SPCE0038: Machine Learning with Big Data

Introduction

This lecture is part of a series on Data Version control (DVC), a way of systematically keeping track of different versions of models and datasets.

This second lecture in the series will cover

Including files from external sources.
Automation: creating and rerunning pipelines.

Learning outcomes

Apply different approaches for adding external files to a DVC repository.
Understand how pipelines are represented in DVC.
Define a DVC pipeline via a YAML file or commands.
Explain how DVC reproduces the outputs of pipelines.
Use parameters and metrics to control and compare the outputs of DVC pipelines.
Compare DVC to other workflow tools such as MLFlow.

Adding external files

In the last lecture we saw how to use the dvc add command to track files that are already in our local repository. In practice however we will often want to include data files that are already available in an external repository or remote storage service.

There are several different commands available in DVC for working with external files

We have already seen dvc get which allows us to download a file from a remote DVC or Git repository.
dvc import allows to reuse a file from a remote repository, both downloading the file and setting up tracking including specifying the remote source of the file to allow checking if it has been updated there in future.
There are also variants of these two commands dvc get-url and dvc import-url that allow us to work with more general, non-Git based, remote storage services such as files accessible directly using hypertext transfer protocol (HTTP) or on cloud storage services.

We have seen how we can track our own files with dvc add. But what if we want to include data or other files that are already available?

DVC offers different options:

dvc get to download a file from a DVC or Git repository.
dvc import to reuse (download and track) a file from a DVC or Git repository.
dvc get-url and dvc import-url to download or reuse a file from general remote storage.

Adding external files

The get and import commands are similar.

The difference is that the latter also links to the original file and tracks its history.

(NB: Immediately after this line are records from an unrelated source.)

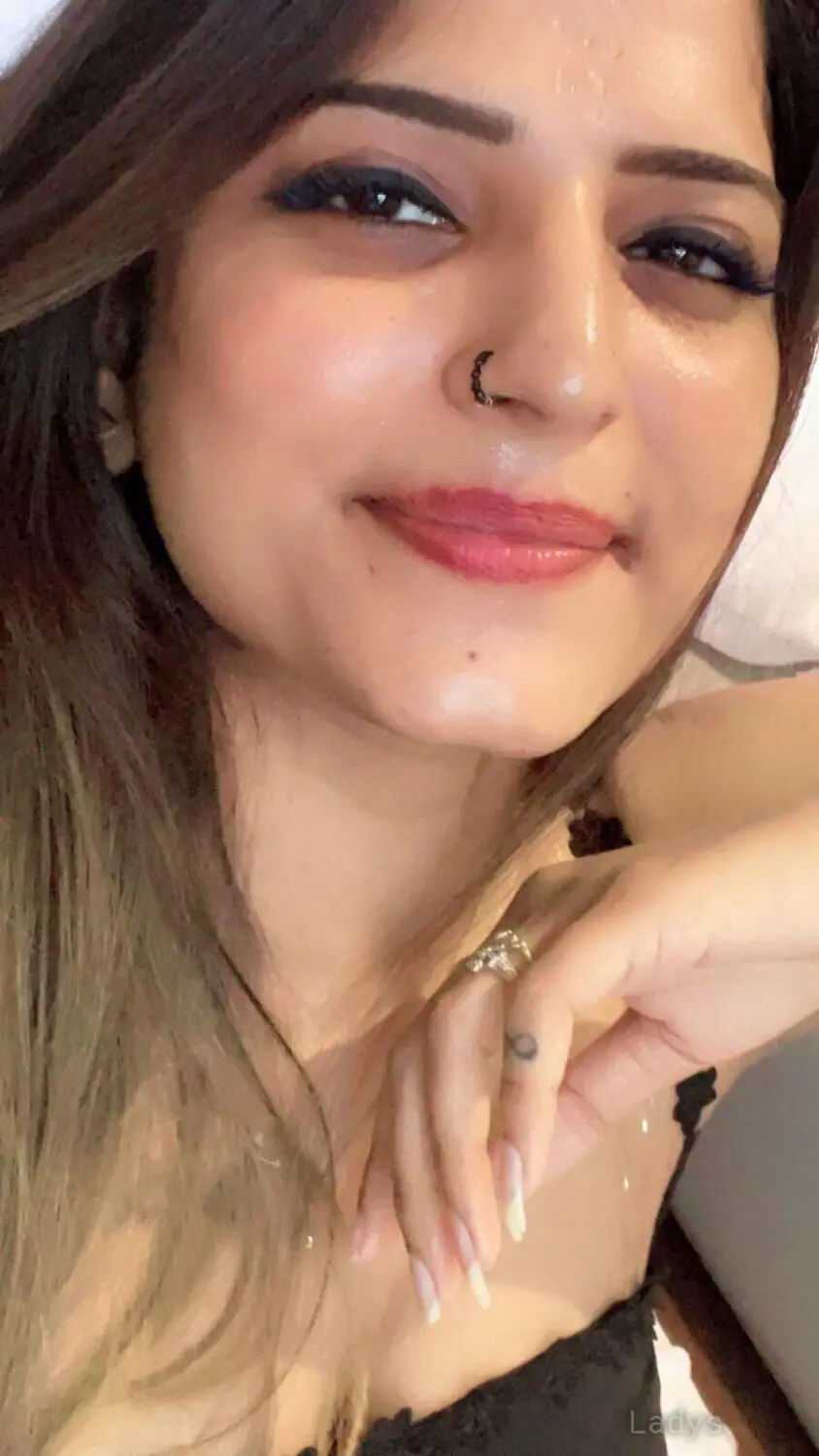 Vidhi, 23 years old Hyderabad escort girl with big tits, height 165 sm, Weight  kg
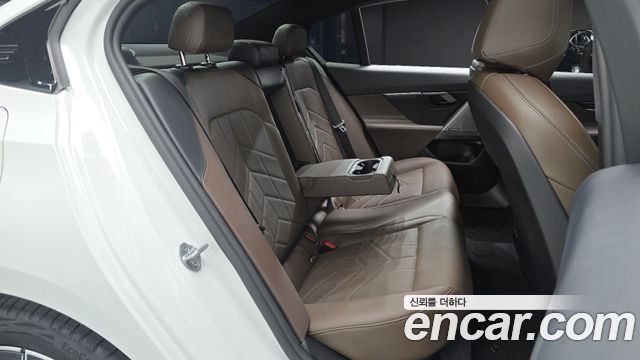 BMW 5 Series (G60) 523d xDrive M Sport 2025 — фото 13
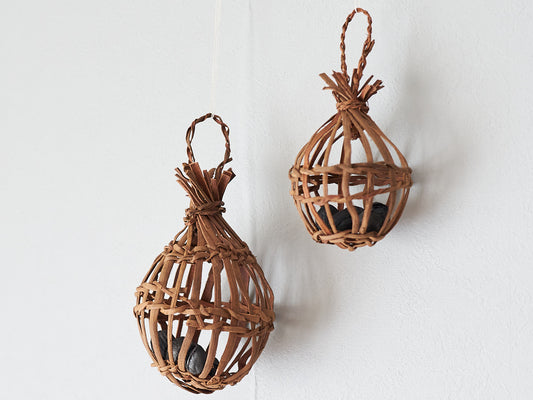 Grapevine charcoal baskets hanging on the wall / 壁に掛けた山ぶどうの炭かご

Therefore, if an update is made to the original repository later on, we can get the changes to our copy (see dvc update).

The get-url and import-url variants are useful when the original data is not already in a repository. They can handle different storage protocols and providers.

Creating pipelines

One of the core benefits of using a data-focused version control system is that we can structure our work around data flows, not individual files.

With DVC, we can

specify each stage of a pipeline,
infer the connections between them,
run a whole pipeline or only the parts required.

Pipeline example

Let’s consider an example data pipeline - you can find a toy implementation of it on GitHub

Image of a data pipeline with a set of samples undergoing PCA and logistic regression. Each step is represented as a box with arrows linking them.

Start with a labelled set of samples in a file samples.csv.

First step is to run reduce_dim.py. This reads the inputs, performs principle component analysis (PCA) to reduce their dimensionality and outputs to a file reduced.csv.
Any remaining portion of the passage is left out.